In Zachmann's "Peaceful atoms in agriculture and food: How the politics of the Cold War shaped agricultural research using isotopes and radiation in post war divided Germany" we learn that the Federal Republic of Germany radioisotope distribution started in 1949, under British occupation (the radioisotopes coming from the Atomic Energy Research Establishment at Harwell). Experiments using radiation in medicine, biochemistry, agriculture and biophysics took place in Western Germany at different Max Planck Institutes during those first years. Meanwhile, the situation at the German Democratic Republic suffered from the embargo of British authorities to East Europe. It was not until 1954 that the embargo was lifted as a consequence of the Atoms for Peace initiative, which also had consequences for the repatriation of German nuclear scientists from the USSR to the GDR. However, scientists from East Germany could not attend the radioisotope courses delivered in Harwell until 1959, due to security issues; moreover, radioisotope distribution in this country came from Moscow. This is a clear instance in which the Cold War distinctively shaped the travels of people, materials, and practices across different borders. More permeable travels took place within each block, but the wall between East and West was not completely solid. Starting in 1955 the first shipment from Moscow arrived at the Institute for Agricultural Chemistry in Jena, for studying phosphate fertilizers intake and use in plants. But agricultural research at the GDR was modeled after research originally developed at nutrition science and agriculture centers at the FRG, thus showing that despite the Iron Curtain there was an effective scientific exchange between the two Germanies. Notwithstanding the differences in time and sources, at the end "the institutional structures for atomic and nuclear research were similar in East and West Germany"; in both states the financing in applications in agriculture came exclusively from the federal government, and focused on a small set of problems and applications.

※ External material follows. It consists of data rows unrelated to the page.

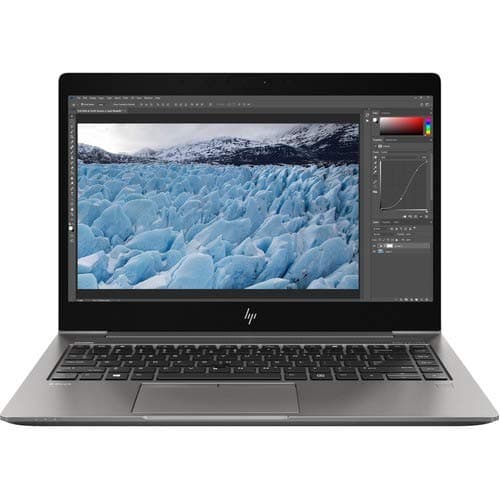 Smart Buy ZBOOK 14U G6 I5-8265U 14IN 8GB 256GB W10P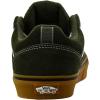 Vans Mens SeldanSneaker(Suede Gum Green)
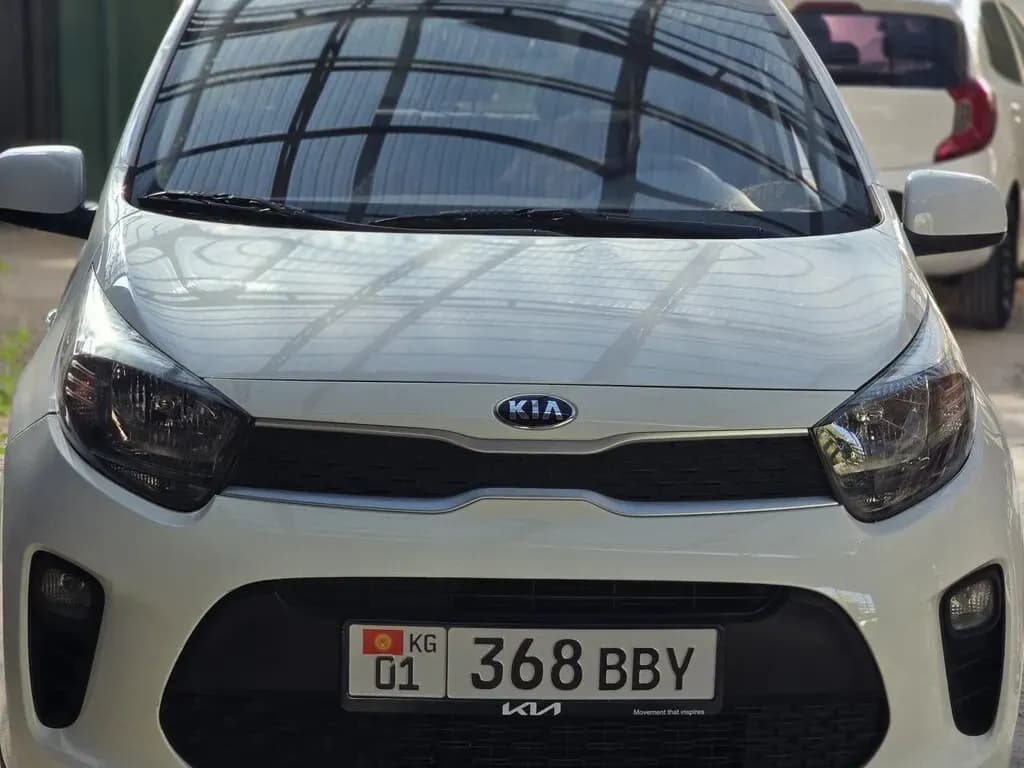 Kia Morning, 2019, Бишкек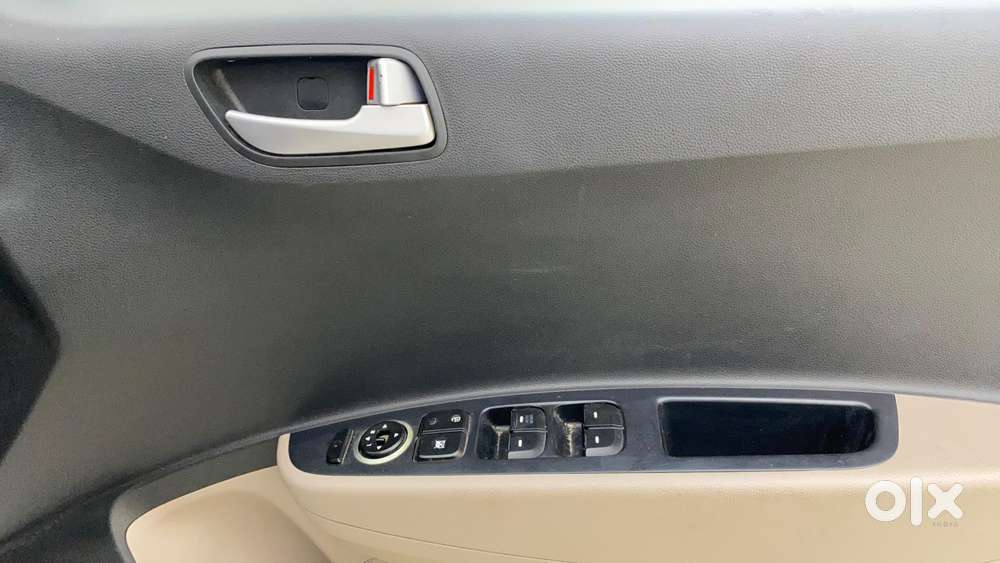 Hyundai Xcent [2014-2017] 1.2 S, 2016, Petrol
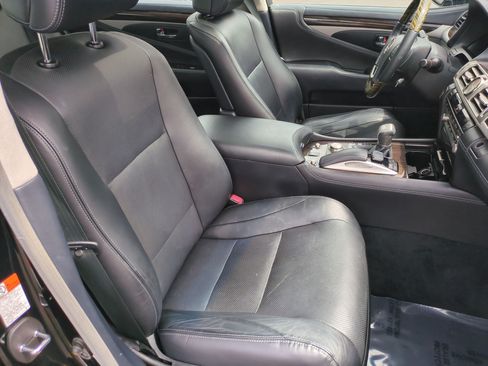 Used 2016 Lexus LS 460 L AWD/4WD image 36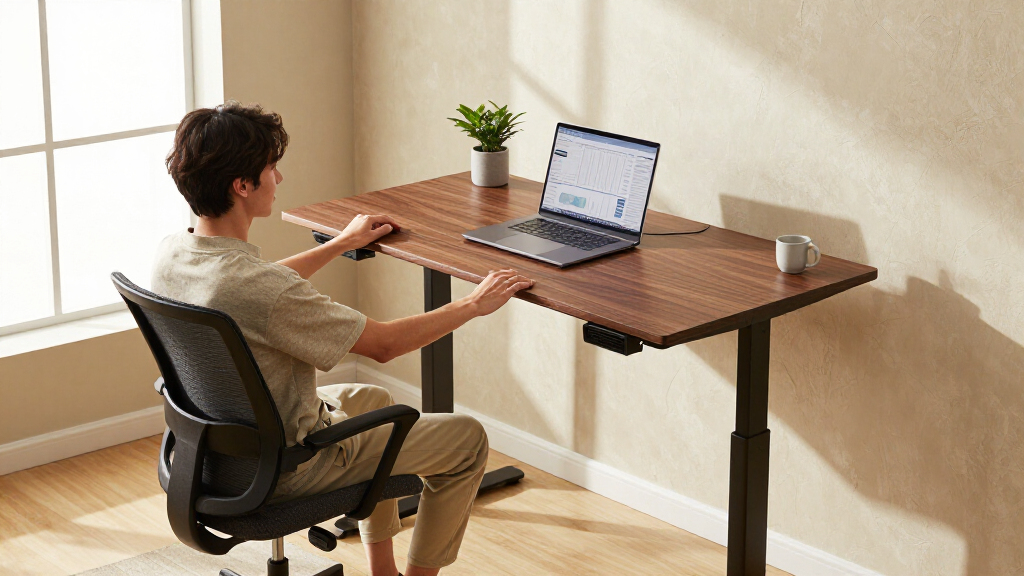 standing desks for home offices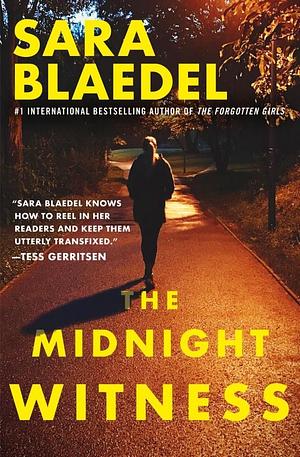 The Midnight Witness by Mark Kline, Sara Blaedel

Other walls were less visible but not less solid. The relation between Mexico and its northern neighbor has been a historically complex one. The article by Gisela Mateos and Edna Suárez-Díaz on "Clouds, airplanes, trucks and people: carrying radioisotopes to and across Mexico" illustrates how radioisotopes (as commodities and as atomic trash) and people itineraries took place between Mexico and the United States, advancing the not always well-aligned interests of both partners. These radioactive materials shaped and contributed to Mexican nuclearization during the 1950's and 1960's: as in other countries, radioisotopes were distributed to Mexico from Oak Ridge National Laboratory (starting in 1949), but by the late 1950s radioactive fallout became an excuse to train a first generation of radiochemists. Then, by the late 1960s, with the help of the IAEA, Mexico acquired a US-made research reactor, which enabled it to produce most of the national consumption of these materials, to be used in medicine, agriculture, and research. This process took place within a discourse of nationalism and modernity of the Mexican State, in such a way that the uses of nuclear technologies were restricted and intimately related to the neutral and pacifist position of Mexico in the international arena.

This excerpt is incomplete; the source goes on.